Source material =
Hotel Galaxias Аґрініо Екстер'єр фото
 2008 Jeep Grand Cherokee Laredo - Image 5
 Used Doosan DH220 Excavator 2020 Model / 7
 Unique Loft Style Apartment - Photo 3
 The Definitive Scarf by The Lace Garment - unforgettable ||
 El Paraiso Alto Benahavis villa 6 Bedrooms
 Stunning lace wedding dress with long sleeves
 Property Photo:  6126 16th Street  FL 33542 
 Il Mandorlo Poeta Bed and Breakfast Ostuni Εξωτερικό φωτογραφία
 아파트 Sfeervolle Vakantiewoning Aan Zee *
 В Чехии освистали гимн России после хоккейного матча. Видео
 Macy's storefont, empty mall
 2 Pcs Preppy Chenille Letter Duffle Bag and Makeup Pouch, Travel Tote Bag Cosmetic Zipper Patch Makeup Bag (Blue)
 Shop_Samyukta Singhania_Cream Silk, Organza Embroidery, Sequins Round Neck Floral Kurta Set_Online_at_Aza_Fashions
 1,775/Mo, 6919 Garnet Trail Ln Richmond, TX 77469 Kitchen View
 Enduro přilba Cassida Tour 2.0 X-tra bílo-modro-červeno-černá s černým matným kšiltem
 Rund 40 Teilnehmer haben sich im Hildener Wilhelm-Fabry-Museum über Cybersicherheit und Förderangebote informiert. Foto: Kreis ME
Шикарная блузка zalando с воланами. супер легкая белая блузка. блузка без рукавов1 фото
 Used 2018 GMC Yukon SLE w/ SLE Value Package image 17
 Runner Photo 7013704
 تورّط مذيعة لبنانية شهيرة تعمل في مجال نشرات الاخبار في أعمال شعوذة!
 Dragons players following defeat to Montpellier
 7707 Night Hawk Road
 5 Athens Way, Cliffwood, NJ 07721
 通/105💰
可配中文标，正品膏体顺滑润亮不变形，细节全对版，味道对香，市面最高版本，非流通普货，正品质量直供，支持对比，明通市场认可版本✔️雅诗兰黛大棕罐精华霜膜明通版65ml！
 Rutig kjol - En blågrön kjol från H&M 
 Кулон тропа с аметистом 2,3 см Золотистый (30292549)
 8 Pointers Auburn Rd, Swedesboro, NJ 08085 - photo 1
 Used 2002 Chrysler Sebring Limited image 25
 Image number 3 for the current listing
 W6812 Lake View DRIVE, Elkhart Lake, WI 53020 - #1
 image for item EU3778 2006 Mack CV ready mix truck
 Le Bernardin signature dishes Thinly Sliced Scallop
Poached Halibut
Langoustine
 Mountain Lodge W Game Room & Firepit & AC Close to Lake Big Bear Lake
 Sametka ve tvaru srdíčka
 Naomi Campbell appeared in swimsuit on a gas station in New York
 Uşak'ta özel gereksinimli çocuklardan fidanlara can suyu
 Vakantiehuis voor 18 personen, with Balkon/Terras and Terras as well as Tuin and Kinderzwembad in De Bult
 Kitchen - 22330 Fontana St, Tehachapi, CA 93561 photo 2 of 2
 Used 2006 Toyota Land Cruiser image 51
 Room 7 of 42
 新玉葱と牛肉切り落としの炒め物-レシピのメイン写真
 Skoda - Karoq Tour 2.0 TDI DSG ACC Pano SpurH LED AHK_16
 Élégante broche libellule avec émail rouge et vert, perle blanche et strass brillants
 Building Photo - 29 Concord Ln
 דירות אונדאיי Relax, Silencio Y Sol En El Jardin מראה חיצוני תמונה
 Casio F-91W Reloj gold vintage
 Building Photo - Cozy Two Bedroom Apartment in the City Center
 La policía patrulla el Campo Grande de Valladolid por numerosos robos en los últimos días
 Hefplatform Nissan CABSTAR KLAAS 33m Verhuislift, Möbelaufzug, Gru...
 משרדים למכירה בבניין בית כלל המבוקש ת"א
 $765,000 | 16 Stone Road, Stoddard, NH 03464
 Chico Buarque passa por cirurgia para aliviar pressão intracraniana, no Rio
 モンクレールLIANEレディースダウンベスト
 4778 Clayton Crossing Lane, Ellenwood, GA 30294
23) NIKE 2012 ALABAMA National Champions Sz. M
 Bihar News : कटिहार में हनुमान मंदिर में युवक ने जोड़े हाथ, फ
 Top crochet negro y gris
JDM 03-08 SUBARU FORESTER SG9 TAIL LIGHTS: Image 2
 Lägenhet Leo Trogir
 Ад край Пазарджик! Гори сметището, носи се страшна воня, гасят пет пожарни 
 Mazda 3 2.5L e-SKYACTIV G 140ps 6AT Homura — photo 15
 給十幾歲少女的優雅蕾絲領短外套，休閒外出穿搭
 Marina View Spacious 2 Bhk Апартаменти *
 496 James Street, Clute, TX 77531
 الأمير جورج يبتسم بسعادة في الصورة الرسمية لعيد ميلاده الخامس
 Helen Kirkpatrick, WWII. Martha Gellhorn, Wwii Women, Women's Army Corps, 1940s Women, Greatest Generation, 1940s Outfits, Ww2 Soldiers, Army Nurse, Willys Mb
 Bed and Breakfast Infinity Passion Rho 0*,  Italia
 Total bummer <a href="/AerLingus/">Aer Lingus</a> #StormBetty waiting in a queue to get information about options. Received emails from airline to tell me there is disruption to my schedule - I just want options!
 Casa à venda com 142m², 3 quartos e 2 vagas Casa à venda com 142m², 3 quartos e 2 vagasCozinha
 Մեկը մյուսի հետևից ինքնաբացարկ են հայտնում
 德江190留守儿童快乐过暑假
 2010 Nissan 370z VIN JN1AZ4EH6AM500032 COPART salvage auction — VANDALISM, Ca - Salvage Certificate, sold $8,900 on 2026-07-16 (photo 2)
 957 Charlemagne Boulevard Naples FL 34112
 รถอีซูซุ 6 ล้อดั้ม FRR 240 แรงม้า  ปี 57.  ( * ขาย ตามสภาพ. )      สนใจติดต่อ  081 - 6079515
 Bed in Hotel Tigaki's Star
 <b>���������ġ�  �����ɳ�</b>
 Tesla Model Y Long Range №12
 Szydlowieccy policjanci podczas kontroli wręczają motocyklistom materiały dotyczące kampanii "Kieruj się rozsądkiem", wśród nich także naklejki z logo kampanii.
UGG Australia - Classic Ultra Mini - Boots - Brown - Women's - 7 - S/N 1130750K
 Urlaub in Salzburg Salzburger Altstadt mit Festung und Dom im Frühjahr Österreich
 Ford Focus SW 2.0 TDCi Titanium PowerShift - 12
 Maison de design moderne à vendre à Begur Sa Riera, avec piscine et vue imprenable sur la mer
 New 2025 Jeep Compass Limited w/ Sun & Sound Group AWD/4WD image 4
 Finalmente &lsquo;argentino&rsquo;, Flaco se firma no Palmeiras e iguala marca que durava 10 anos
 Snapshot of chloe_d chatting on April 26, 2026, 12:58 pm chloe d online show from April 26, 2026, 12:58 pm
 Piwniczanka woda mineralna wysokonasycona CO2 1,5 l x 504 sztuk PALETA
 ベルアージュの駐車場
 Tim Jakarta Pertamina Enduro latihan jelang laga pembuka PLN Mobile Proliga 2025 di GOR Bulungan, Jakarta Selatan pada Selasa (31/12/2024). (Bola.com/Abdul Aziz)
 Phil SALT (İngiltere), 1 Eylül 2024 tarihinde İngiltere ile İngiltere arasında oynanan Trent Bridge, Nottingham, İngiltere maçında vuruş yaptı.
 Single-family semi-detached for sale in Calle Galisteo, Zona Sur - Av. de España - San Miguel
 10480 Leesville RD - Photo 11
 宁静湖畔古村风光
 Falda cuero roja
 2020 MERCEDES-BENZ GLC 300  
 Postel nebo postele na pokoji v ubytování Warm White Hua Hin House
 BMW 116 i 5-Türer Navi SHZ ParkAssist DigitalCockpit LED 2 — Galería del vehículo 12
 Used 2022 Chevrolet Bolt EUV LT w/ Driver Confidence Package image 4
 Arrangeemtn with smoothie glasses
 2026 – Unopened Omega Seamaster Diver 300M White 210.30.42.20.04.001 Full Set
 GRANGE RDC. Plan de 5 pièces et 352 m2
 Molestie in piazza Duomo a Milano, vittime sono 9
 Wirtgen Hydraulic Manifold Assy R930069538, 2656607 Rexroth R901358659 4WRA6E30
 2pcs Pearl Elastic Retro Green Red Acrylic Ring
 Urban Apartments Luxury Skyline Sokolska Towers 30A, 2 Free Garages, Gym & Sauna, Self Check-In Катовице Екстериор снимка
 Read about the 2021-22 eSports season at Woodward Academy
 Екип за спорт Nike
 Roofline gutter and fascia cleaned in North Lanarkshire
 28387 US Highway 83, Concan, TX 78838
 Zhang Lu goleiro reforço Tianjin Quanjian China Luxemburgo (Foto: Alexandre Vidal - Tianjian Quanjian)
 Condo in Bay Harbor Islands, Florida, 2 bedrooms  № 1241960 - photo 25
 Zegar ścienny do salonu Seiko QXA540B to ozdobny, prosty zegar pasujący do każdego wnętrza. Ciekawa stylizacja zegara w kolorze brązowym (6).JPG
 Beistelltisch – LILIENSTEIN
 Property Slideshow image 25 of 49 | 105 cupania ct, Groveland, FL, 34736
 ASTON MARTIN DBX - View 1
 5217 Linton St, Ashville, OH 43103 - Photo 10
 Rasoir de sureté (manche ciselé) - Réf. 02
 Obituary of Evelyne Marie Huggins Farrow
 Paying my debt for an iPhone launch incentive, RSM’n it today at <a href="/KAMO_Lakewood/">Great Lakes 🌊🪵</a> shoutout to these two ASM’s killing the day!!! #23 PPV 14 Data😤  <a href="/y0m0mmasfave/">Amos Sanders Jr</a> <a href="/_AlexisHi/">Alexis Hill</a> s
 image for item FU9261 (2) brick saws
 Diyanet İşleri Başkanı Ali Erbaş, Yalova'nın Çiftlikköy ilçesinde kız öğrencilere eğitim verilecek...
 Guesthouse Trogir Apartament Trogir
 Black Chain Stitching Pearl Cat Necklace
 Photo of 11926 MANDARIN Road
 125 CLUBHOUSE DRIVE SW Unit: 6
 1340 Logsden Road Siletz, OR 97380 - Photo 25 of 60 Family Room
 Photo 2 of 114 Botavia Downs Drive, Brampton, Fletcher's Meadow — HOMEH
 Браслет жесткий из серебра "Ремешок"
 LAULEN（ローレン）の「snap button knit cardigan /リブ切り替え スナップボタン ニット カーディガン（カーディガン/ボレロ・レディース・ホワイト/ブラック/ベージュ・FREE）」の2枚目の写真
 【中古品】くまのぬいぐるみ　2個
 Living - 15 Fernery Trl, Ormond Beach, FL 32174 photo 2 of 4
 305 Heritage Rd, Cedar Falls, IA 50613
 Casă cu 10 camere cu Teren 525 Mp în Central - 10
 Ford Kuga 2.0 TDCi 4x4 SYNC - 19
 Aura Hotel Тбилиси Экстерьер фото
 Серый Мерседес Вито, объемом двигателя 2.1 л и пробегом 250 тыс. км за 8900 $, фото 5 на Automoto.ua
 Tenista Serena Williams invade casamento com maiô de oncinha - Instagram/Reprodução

Instructions for the task =
Repeat exactly, and only, the run of lines from the start of the material above through the line that holds "6126 16th Street".

Solution to the problem =
Hotel Galaxias Аґрініо Екстер'єр фото
 2008 Jeep Grand Cherokee Laredo - Image 5
 Used Doosan DH220 Excavator 2020 Model / 7
 Unique Loft Style Apartment - Photo 3
 The Definitive Scarf by The Lace Garment - unforgettable ||
 El Paraiso Alto Benahavis villa 6 Bedrooms
 Stunning lace wedding dress with long sleeves
 Property Photo:  6126 16th Street  FL 33542 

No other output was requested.